> **MATERIAL SHOWN**:
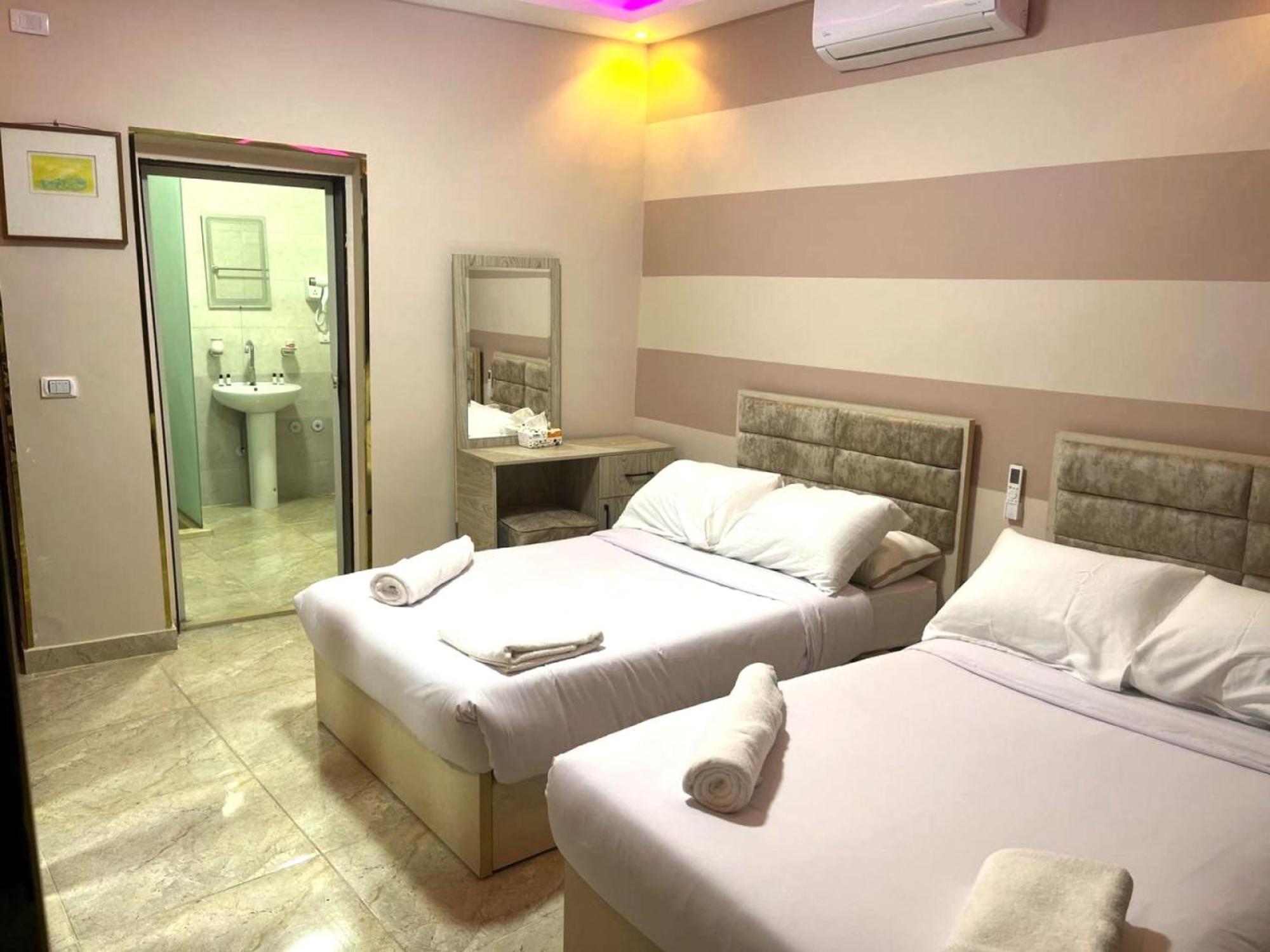 Nun Pyramids Hotel Kafret el-Gabal Rum bild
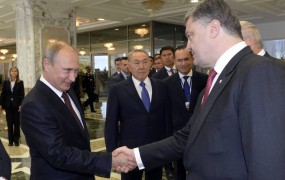 Putin in Porošenko sta se dogovorila za prekinitev ognja na vzhodu Ukrajine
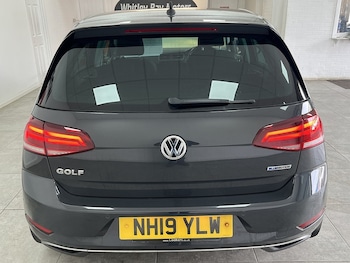 Used Volkswagen Golf 2019 for sale - 78242033: Photo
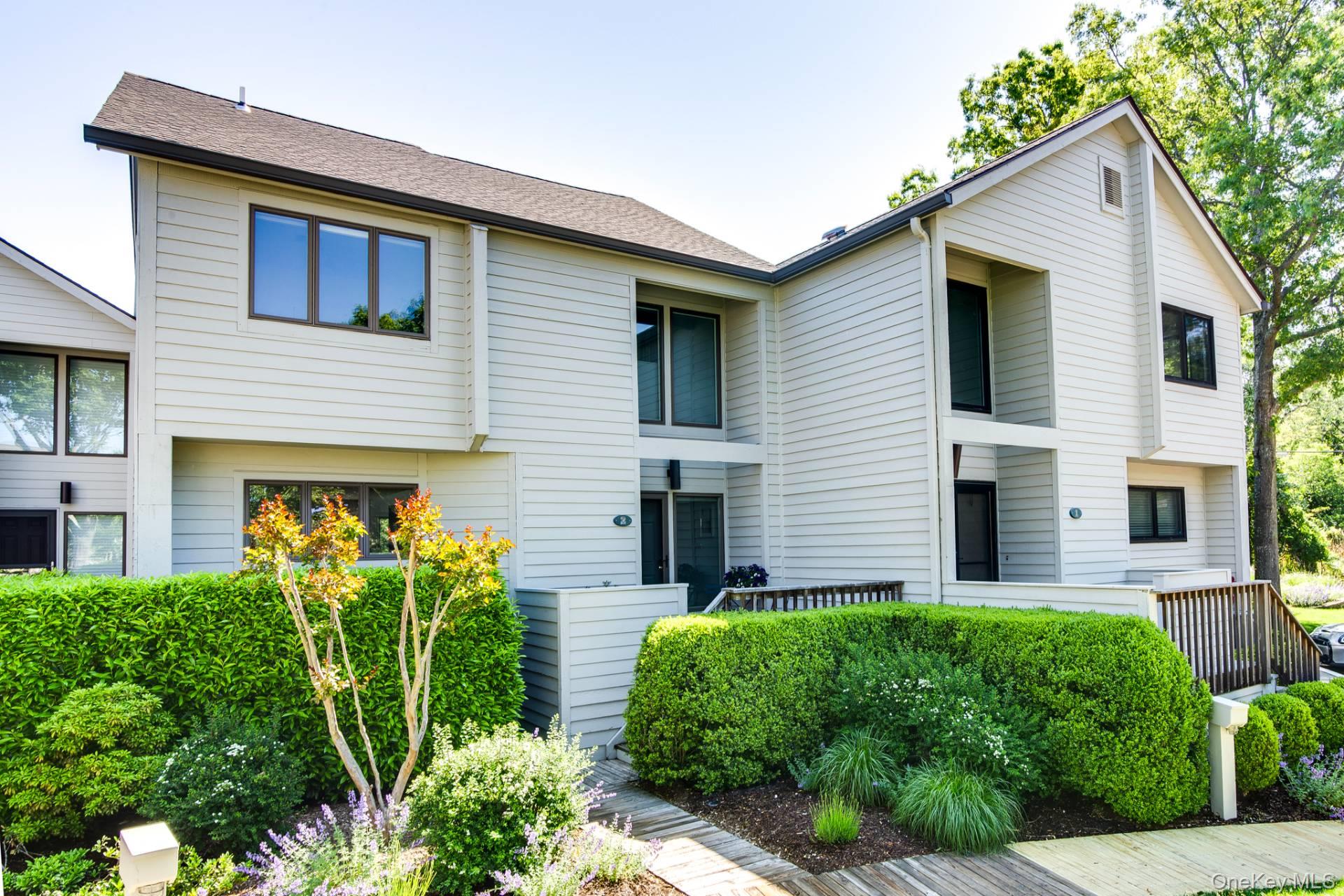 68 W Water Street # 2, Sag Harbor, NY 11963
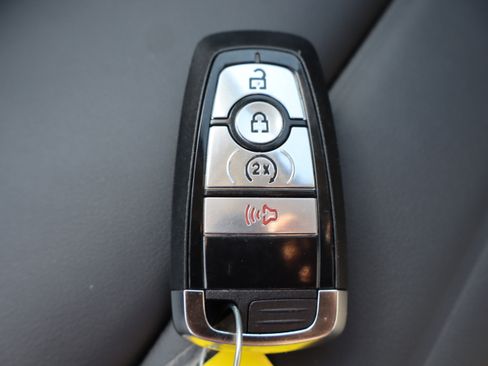 Used 2024 Ford Ranger Lariat w/ FX4 Off-Road Package image 33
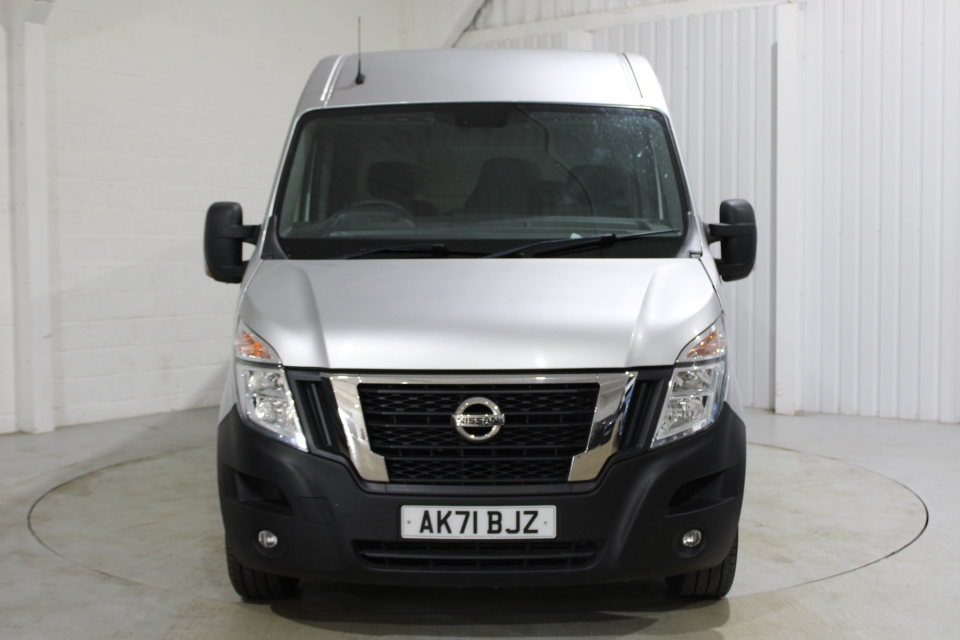 Nissan NV400 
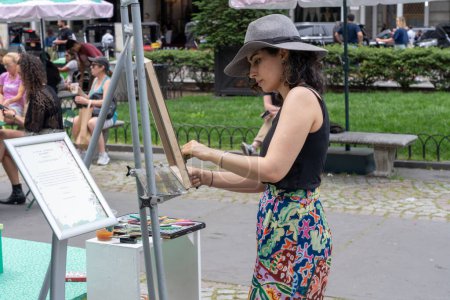 Photo for Fifth Avenue Blooms. May 13, 2023, New York, New York, USA: A student from New York Academy of Art paints during the Fifth Avenue Blooms imagined by Van Cleef event at Pulitzer Fountain on May 13, 2021 in New York City. - Royalty Free Image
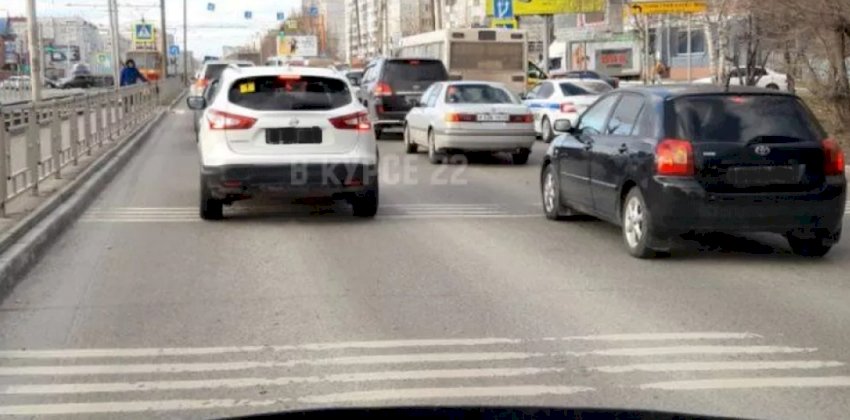  Соцсети: автобус сбил пешехода в Барнауле 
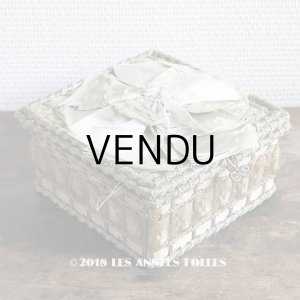 画像: 19世紀 アンティーク お菓子箱 パールブルーのリボン ドラジェ & チョコレート 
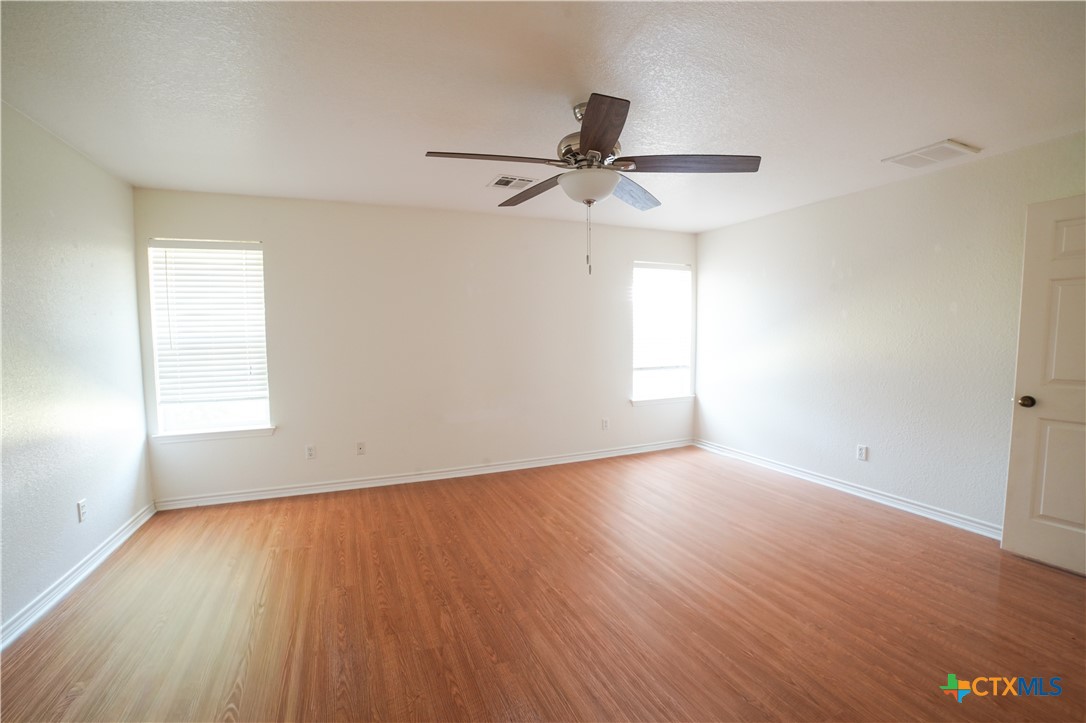 12818 Stonegate Trail Belton, TX 76513 - Photo 14 of 35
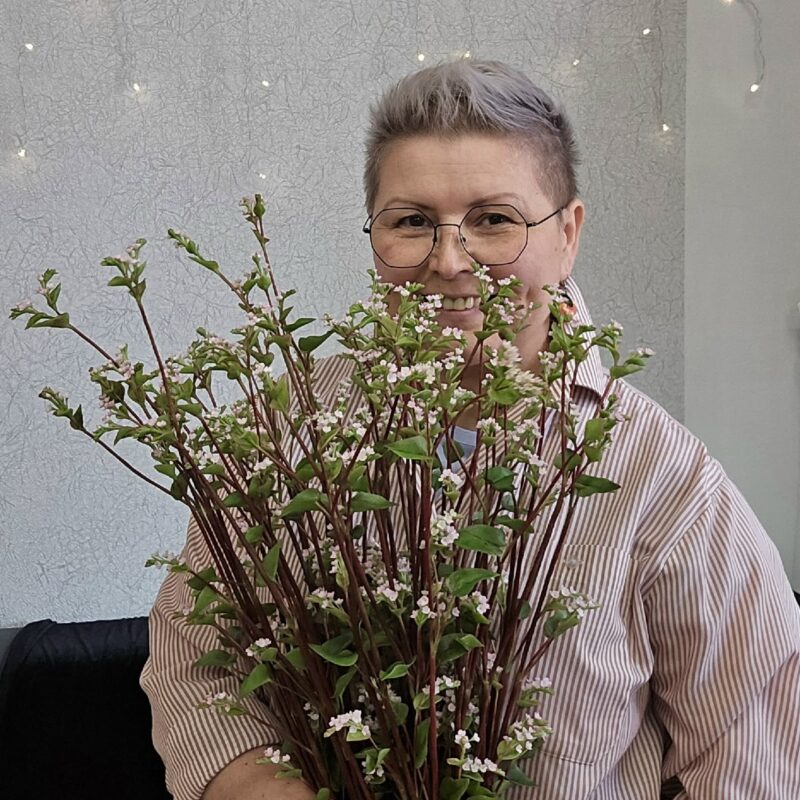 Алтайская мастерица создаёт цветы из холодного фарфора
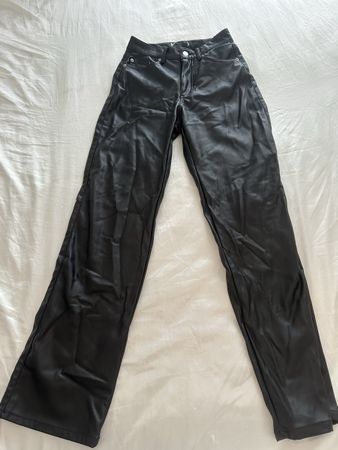 Schwarze Kunstlederhose, neuwertig für Herbst!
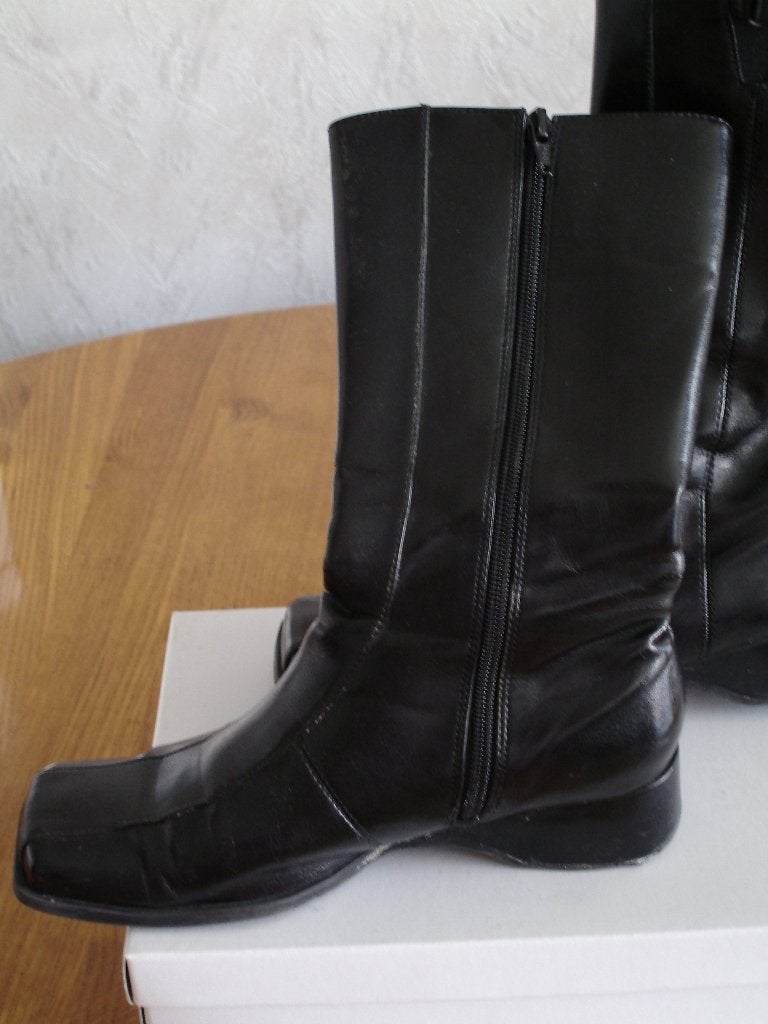 Trendy lange,  platte laarsen in maat 37, Hoge laarzen, Zwart, Ophalen of Verzenden, Gedragen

> **ABOUT THIS TASK**: Write the listing above out again exactly, but not the images it holds.

> **SOLUTION BELOW**:
 Nun Pyramids Hotel Kafret el-Gabal Rum bild
 Putin in Porošenko sta se dogovorila za prekinitev ognja na vzhodu Ukrajine
 Used Volkswagen Golf 2019 for sale - 78242033: Photo
 68 W Water Street # 2, Sag Harbor, NY 11963
 Used 2024 Ford Ranger Lariat w/ FX4 Off-Road Package image 33
 Nissan NV400 
 Photo for Fifth Avenue Blooms. May 13, 2023, New York, New York, USA: A student from New York Academy of Art paints during the Fifth Avenue Blooms imagined by Van Cleef event at Pulitzer Fountain on May 13, 2021 in New York City. - Royalty Free Image
  Соцсети: автобус сбил пешехода в Барнауле 
 画像: 19世紀 アンティーク お菓子箱 パールブルーのリボン ドラジェ & チョコレート 
 12818 Stonegate Trail Belton, TX 76513 - Photo 14 of 35
 Алтайская мастерица создаёт цветы из холодного фарфора
 Schwarze Kunstlederhose, neuwertig für Herbst!
 Trendy lange,  platte laarsen in maat 37, Hoge laarzen, Zwart, Ophalen of Verzenden, Gedragen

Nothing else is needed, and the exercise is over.